CALTECH'S NEW EXEMPLAR: AN INTERVIEW WITH PAUL MESSINA
Source: HPCwire, June 13, 1997
By Alan Beck
Editor in chief
Pasadena, Calif. -- On June 9 a 256-CPU Hewlett-Packard Exemplar was dedicated at Caltech's Center for Advanced Computing Research. (See HPCwire article 11323, "HP'S 256-CPU SYSTEM AT CALTECH/JPL TO MERCEDIZE IN FUTURE," 06.06.97.) To learn more about the system and how it will be used, HPCwire interviewed Paul Messina, director of California Institute of Technology's Center for Advanced Computing Research and assistant vice-president for Scientific Computing at Caltech. Following are selected excerpts from that discussion.
HPCwire: What will be the principal application areas for the new 256-CPU Exemplar?
MESSINA: "I can only give some examples. I must emphasize that since we've had large parallel computers at Caltech and JPL for about 15 years, there are many applications. Also, the NSF's (National Science Foundation) academic research community will have access to it through the NPACI (National Partnership for Advanced Computational Infrastructure) grant.

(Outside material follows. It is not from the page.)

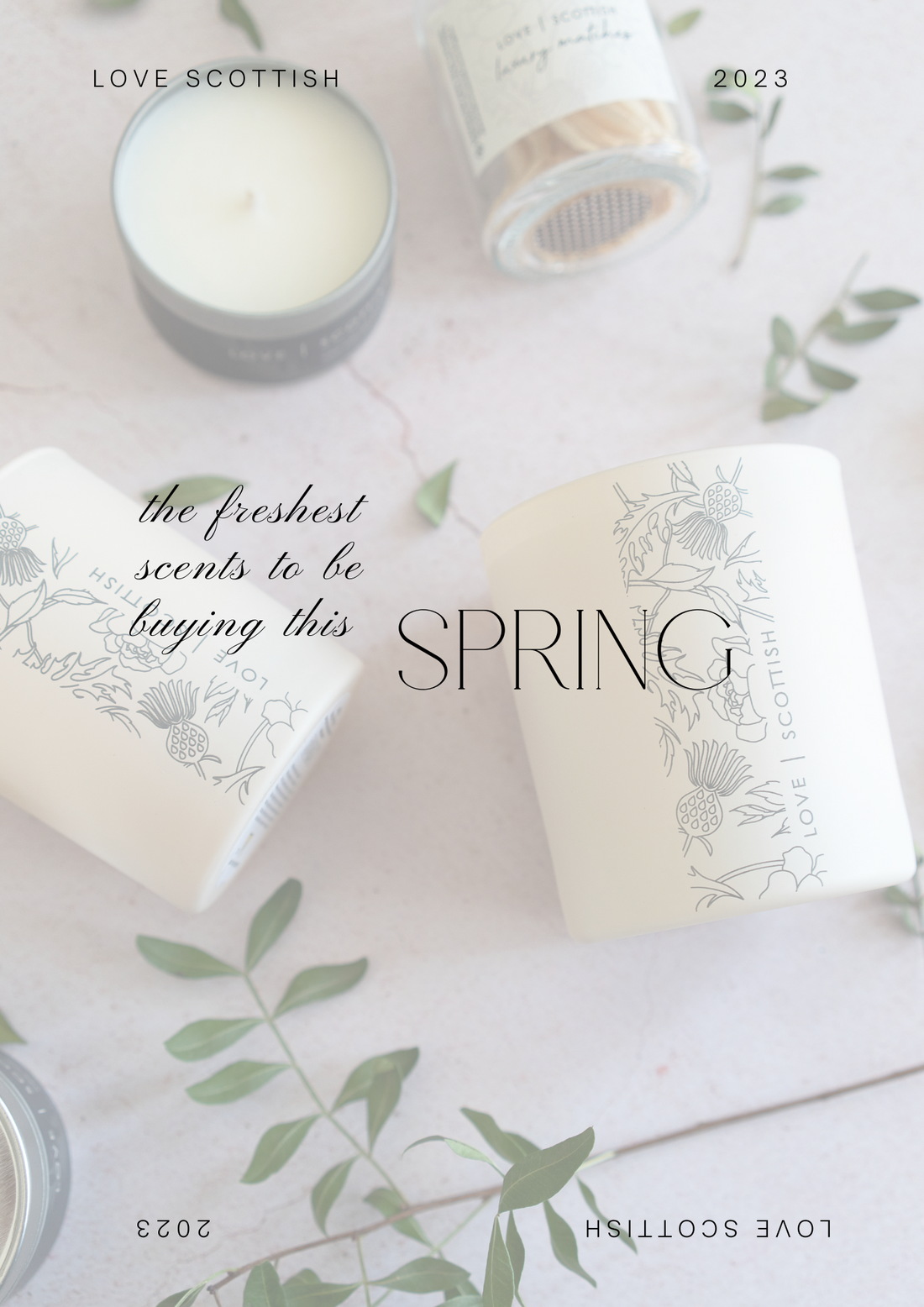 Spring Scent Guide 2023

"Some of the items that have been transitioned early are ocean modeling and climate studies. This is part of a long-term effort of JPL where we utilized fully parallel programs. One of those is already running on 64 processors of the HP (Hewlett-Packard) system. We currently have 128 of the 256 processors in.

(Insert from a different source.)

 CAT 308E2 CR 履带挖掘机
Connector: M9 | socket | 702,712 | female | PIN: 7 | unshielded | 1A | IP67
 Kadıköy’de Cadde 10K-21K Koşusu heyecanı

"We have a variety of applications that deal with very large sets of observational data. Some are synthetic aperture radar data of the Earth or other planets such as Venus. A number of NSF grant plan applications address this too; for example, the Digital Sky project will collect several existing databases and provide convenient ways to access the data (in multiple wave lengths) as well as provide access to large computers for the compute-intensive types of uses. Typically, these are sky surveys of up to a couple of billion items and therefore represent terabytes of data. The project seeks not only to allow easy access to optical wavelength images for areas of the sky but also to allow compute-intensive correlations among galaxies or structures.
"There are also classical scientific and engineering applications. One is geophysical: studying the internal structure of the earth, including convection in its mantle. Another is turbulent flow computations that are often employed in aircraft design. John Seinfeld, professor of Chemical Engineering at Caltech and Donald Dabdub, professor at UC Irvine, are doing exciting work modeling air quality in the Los Angeles Basin. Some of their models have led to policy implementations of environmental quality standards on particulate matter and chemical reactions.
"In addition, other interesting applications pertain to the fabrication and design of microprocessors."
HPCwire: How soon will the entire 256-processor machine be operational?
MESSINA: "It will be fully delivered by June 17 and fully operational by mid-summer. It has been our experience that we can integrate 64 processors with memory, test them for uptime and reliability, and run fundamental performance, accuracy and speed tests in ten days to two weeks.
"This has happened twice before. We received the first four 16-processor hypernodes, tied them together and tested them. Then we did it again more recently, so we now have 128 -- the process tends to take a couple of weeks. So I will guess that the whole system will be available by late July."
HPCwire: What key challenges will be encountered in scaling the operating system up to 256 processors?
MESSINA: "It's a bit early for me to be very specific, but I can draw on previous experience and some expectations. I should note that the current OS is SP-UX; this is similar but not identical to HP-UX. There is a firm plan to go to HP-UX rather soon.
"Some of the important issues that arise have to do with single system image. What does it mean for one OS to be running on all 256 processors? Past systems we've used such as the Intel Paragon or Cray T3D have a single system image: you have one file system so that any processor can access any file anywhere online. You only have to issue one command to boot or shut down the machine. No matter where a processor is in the network interface, all the system resources are available to it. One job scheduler can handle all the jobs for the machine. That's what I would categorize as a single system image.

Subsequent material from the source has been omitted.